Working data -
________________________________________

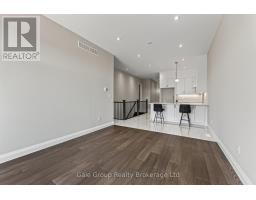 804 GARDEN COURT CRESCENT - 32
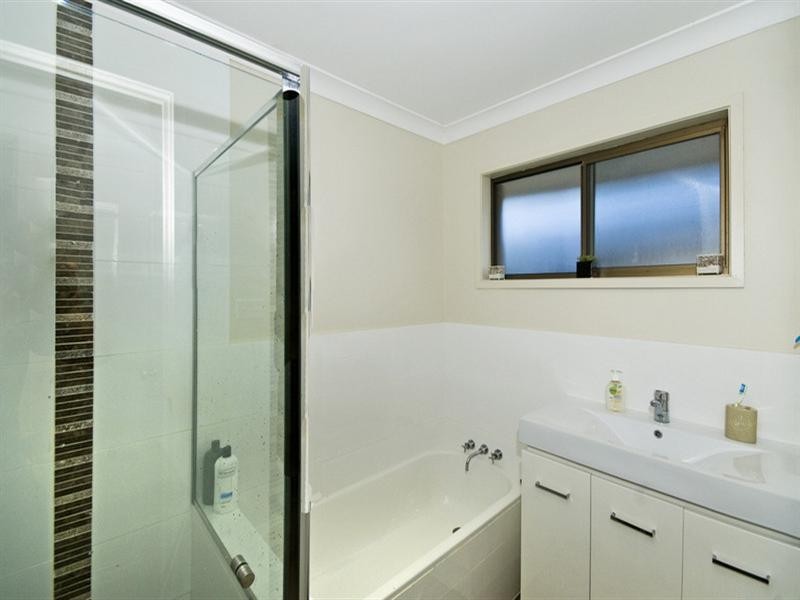 14 Walnut Street, Elanora QLD 4221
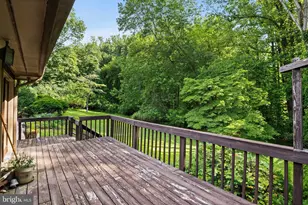 12104 Vale Rd, Oakton, VA 22124 - Photo 8
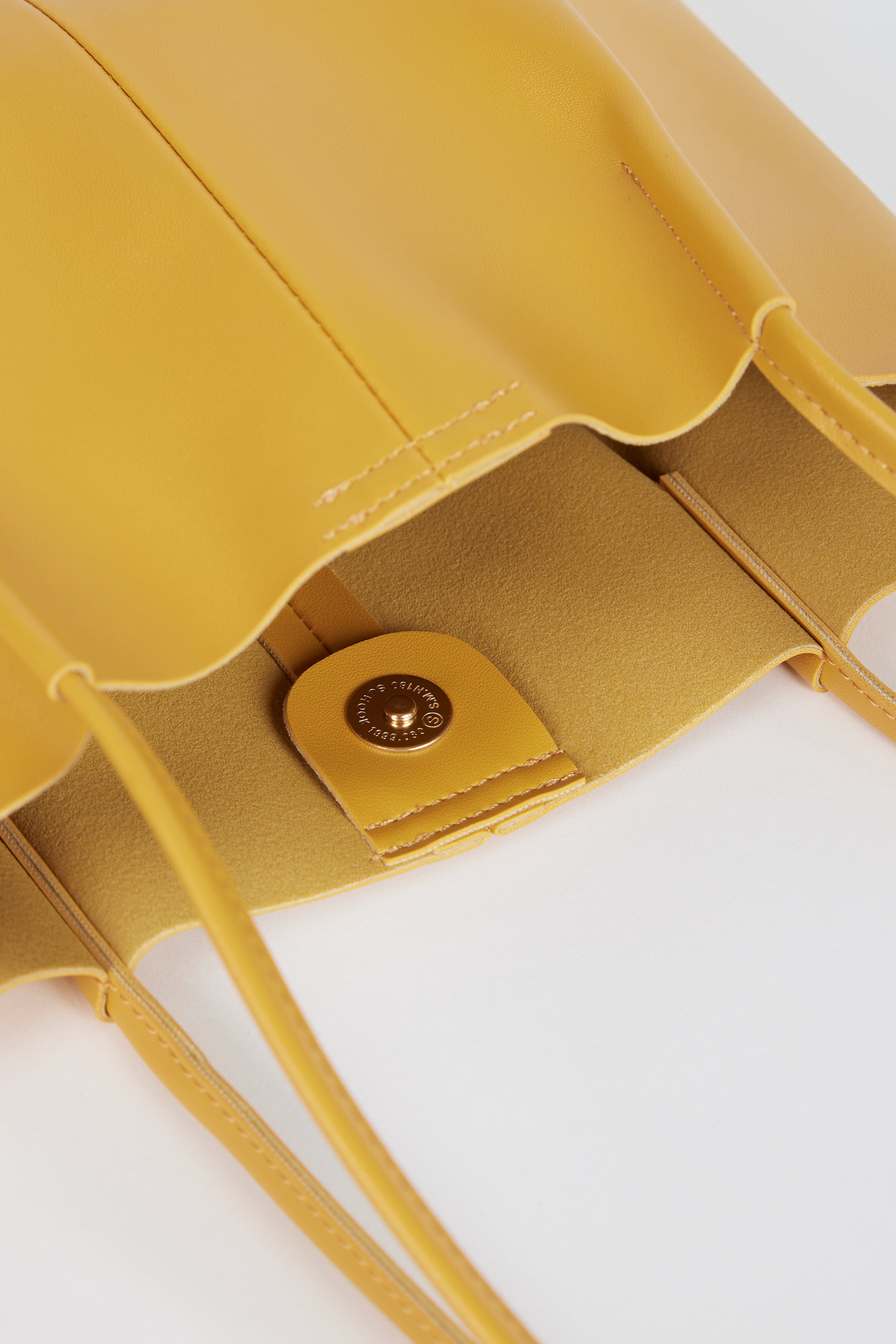 Mustard vegan leather pinched strap tote bag_3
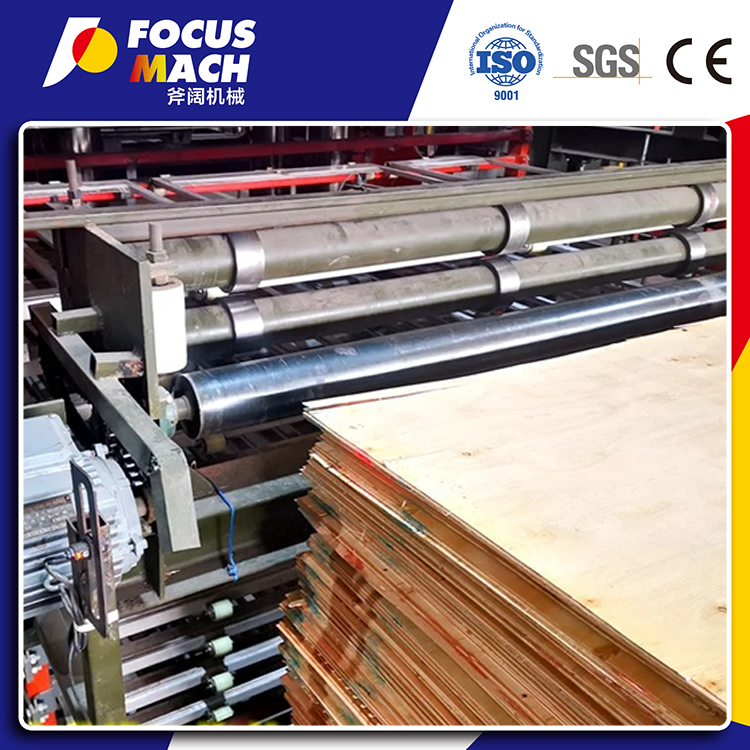 Пресс для изготовления опалубочной фанеры методом горячего прессования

________________________________________

Problem description - In your reply, please print exactly the lines from the one with "14 Walnut Street, Elanora QLD 4221" through the final line of the listing above, both included, and no pictures.

Exercise response -
 14 Walnut Street, Elanora QLD 4221
 12104 Vale Rd, Oakton, VA 22124 - Photo 8
 Mustard vegan leather pinched strap tote bag_3
 Пресс для изготовления опалубочной фанеры методом горячего прессования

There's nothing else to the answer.